After the Phillies officially announced the signing of Adolis García to his one-year, $10 million deal on Dec. 16, Dave Dombrowski, Philadelphia’s president of baseball operations, indicated that the club has its three main outfielders for the 2026 season. García was added to play right field with the Phillies planning to part ways with Nick Castellanos. Brandon Marsh will return in left field. Prospect Justin Crawford has a clear path to take the center-field job.

“I think our outfield is pretty well set,” Dombrowski said.

That line of thinking left no more space for Harrison Bader, the deadline acquisition who soared with the Phillies in the last two months of 2025. He batted .305 with five home runs and an .824 OPS in 50 games for Philadelphia while playing strong defense in center field, leading an outfield unit that played its best down the stretch. Bader largely wielded a light bat for the first eight seasons of his career, but he had a career year with the Twins and Phillies before hitting free agency.

With Philadelphia all set, Bader has reportedly agreed to a two-year deal with the San Francisco Giants, according to The Athletic’s Ken Rosenthal. Bader will be guaranteed $20.5 million with a chance to earn another $500,000, per the New York Post’s Jon Heyman.

Bader’s contract with San Francisco will pay him slightly more than García will make from the Phillies in 2026, with Bader’s deal lasting an extra year. But with the annual terms so close, it’s fair to wonder if the Phillies might have been better off waiting another six weeks to sign an outfielder and trying to retain Bader at that number.

Of course, García is a worthy upside bet on a one-year deal. He had an All-Star season with a legendary playoff run in 2023, and he provides a floor as a great defender while the Phillies see if he can get his offense to bounce back to something close to that level. But that’s far from a certainty. After posting an .836 OPS with the Rangers in 2023, García had a combined .675 OPS and .278 OBP over the next two years. He doesn’t walk too often and chases pitches out of the zone.
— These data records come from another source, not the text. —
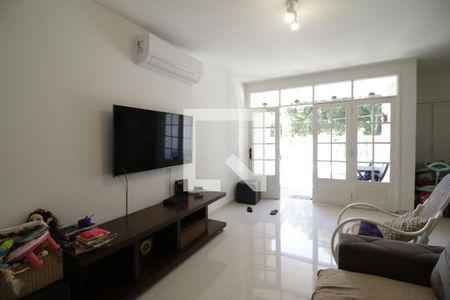 Sala de casa de condomínio à venda com 4 quartos, 375m² em Freguesia (jacarepaguá), Rio de Janeiro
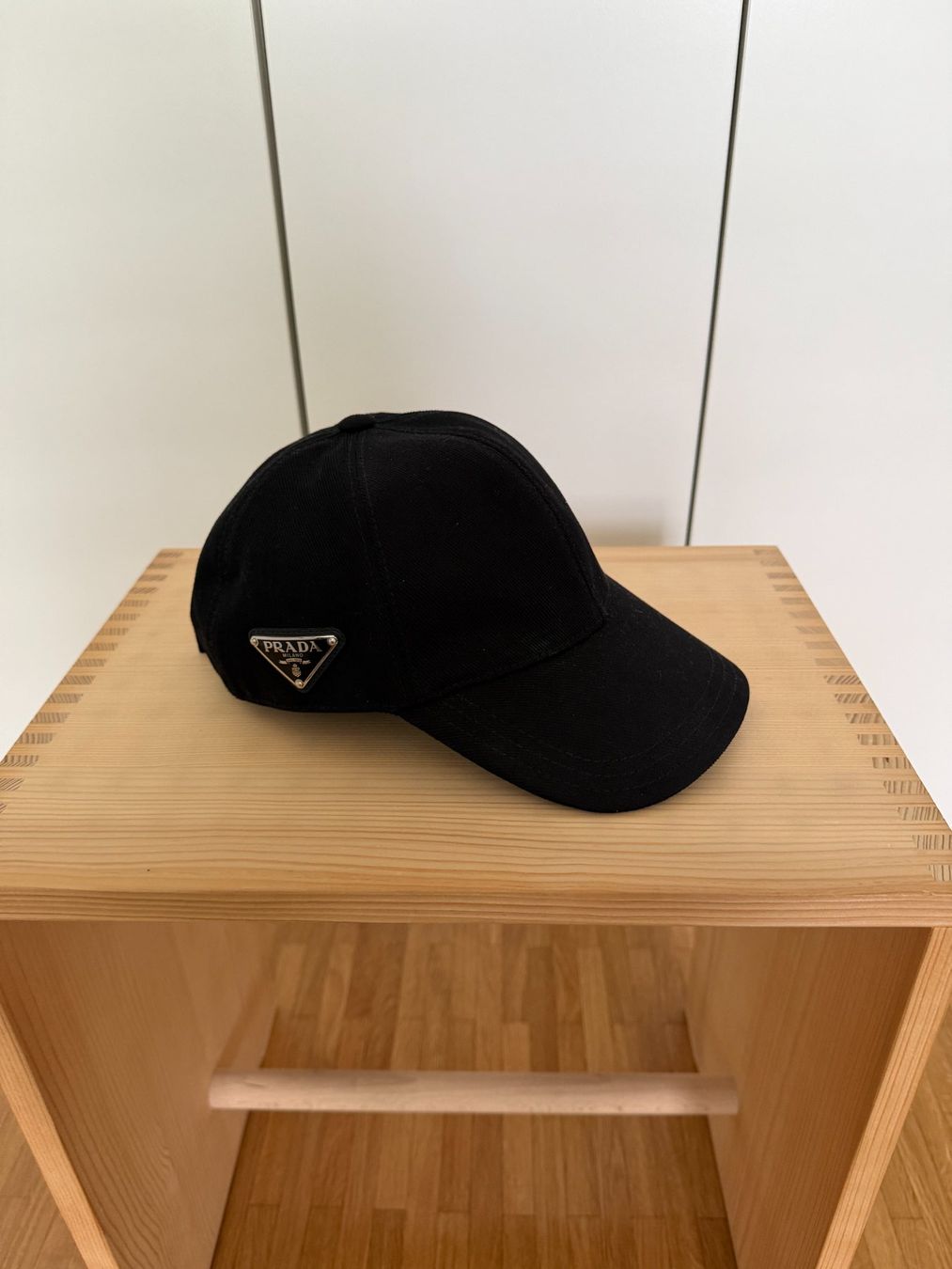 Prada Hüte, Mützen & Caps: Prada Cap Schwarz – Gebraucht aus Cham von nafsimeone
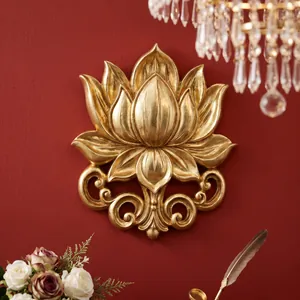 Detailopname van een gouden lotus wandreliëf met metalen textuur op een rode achtergrond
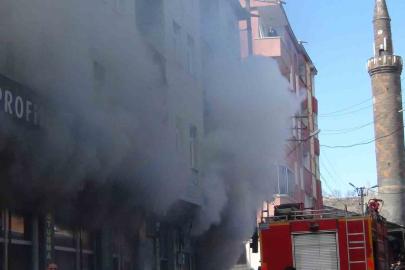 Kars’ta korkutan yangın: Mobilya deposu alevlere teslim oldu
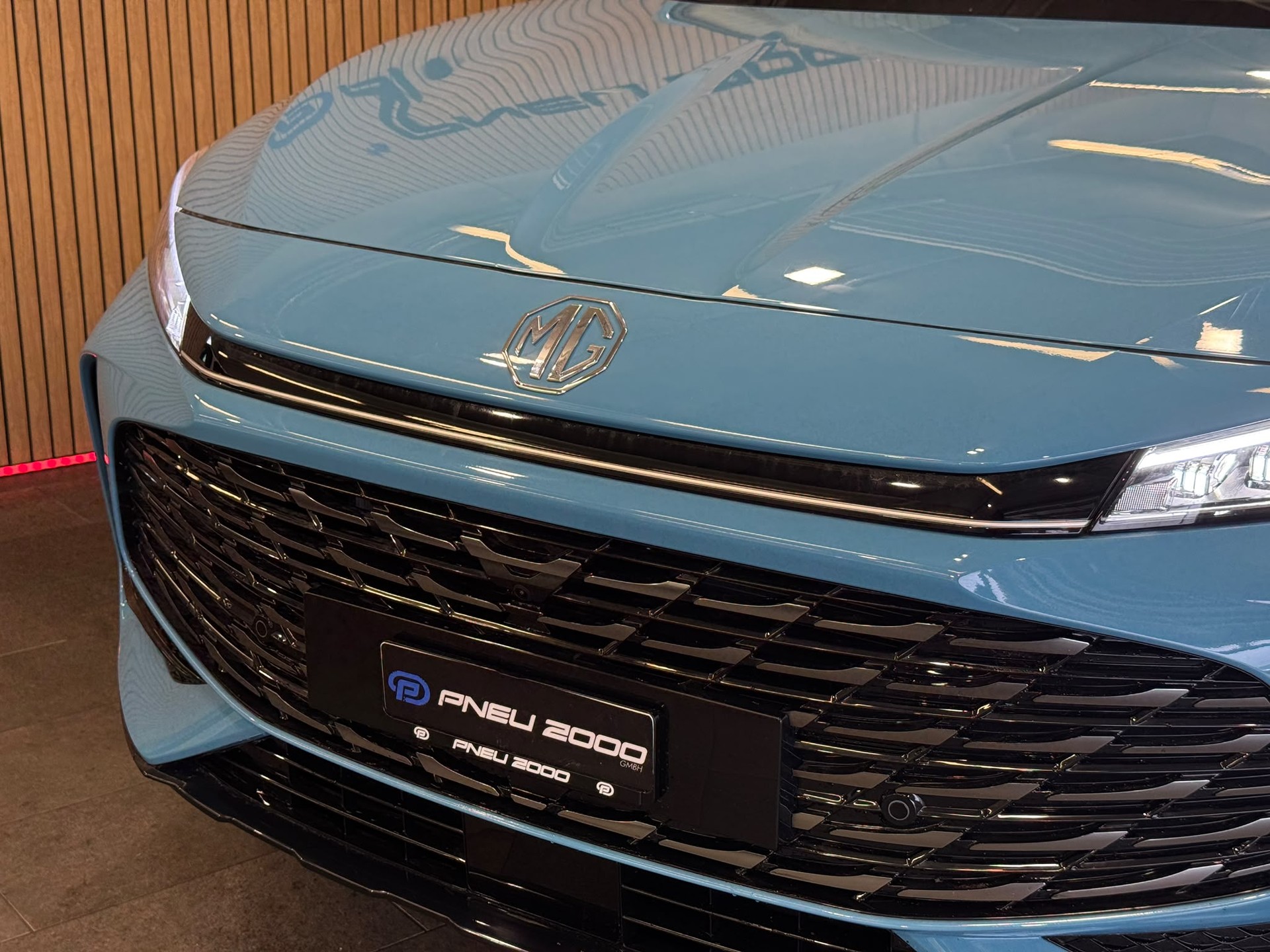 MG HS 1.5 T PHEV Luxury-showroom-element-3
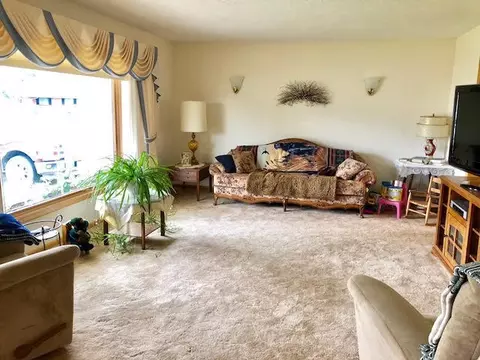 1313 E Hillcourt, Williston, ND 58801 photo 5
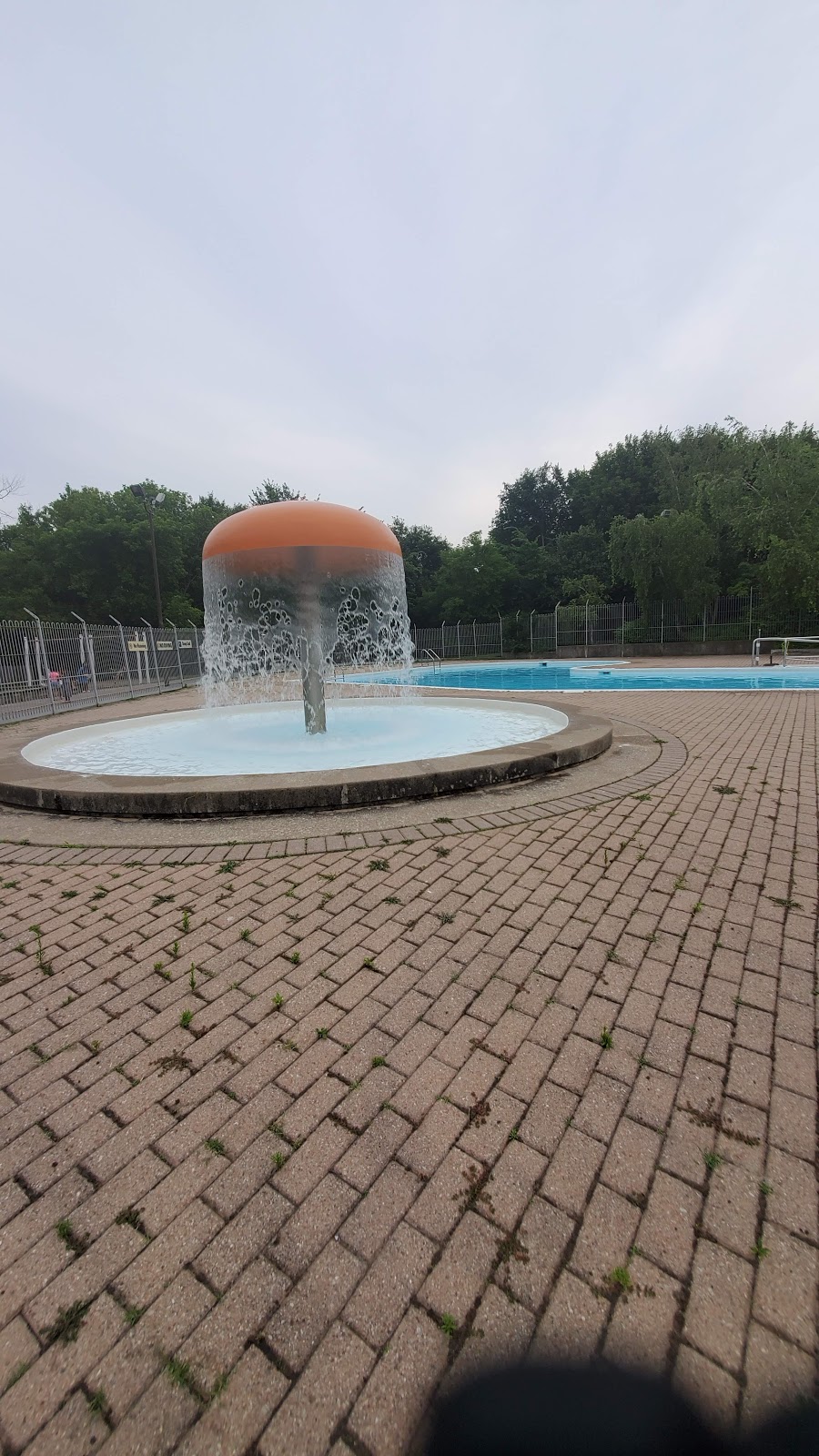 Northwood Swimming Pool | 15 Clubhouse Ct, North York, ON M3L 2K5, Canada | Phone: (416) 395-6695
Even with his struggles at the plate, García’s bat has pop. He hit 19 home runs in 135 games last season and 25 homers in 154 games the year before. The Phillies have lacked right-handed-hitting power, and García should be able to bring that in some capacity. It would be even greater and more impactful if he can chase fewer pitches out of the zone.

Bader, another righty, is not the same kind of home-run threat. The 17 homers he hit in 2025 were the most he’s ever hit in a season. But he did have a .449 slugging percentage, higher than García has had since 2023. And while Bader’s production at the plate is likely to dip after an outlier season like he had last year, it’s not as if he was collecting cheap hits for all of August and September. He made adjustments last season that led to results. It’s hard to gauge how much staying power there will be for all of that, but he found tangible success, doing so much more recently than García has. Still, his career .714 OPS can’t be ignored.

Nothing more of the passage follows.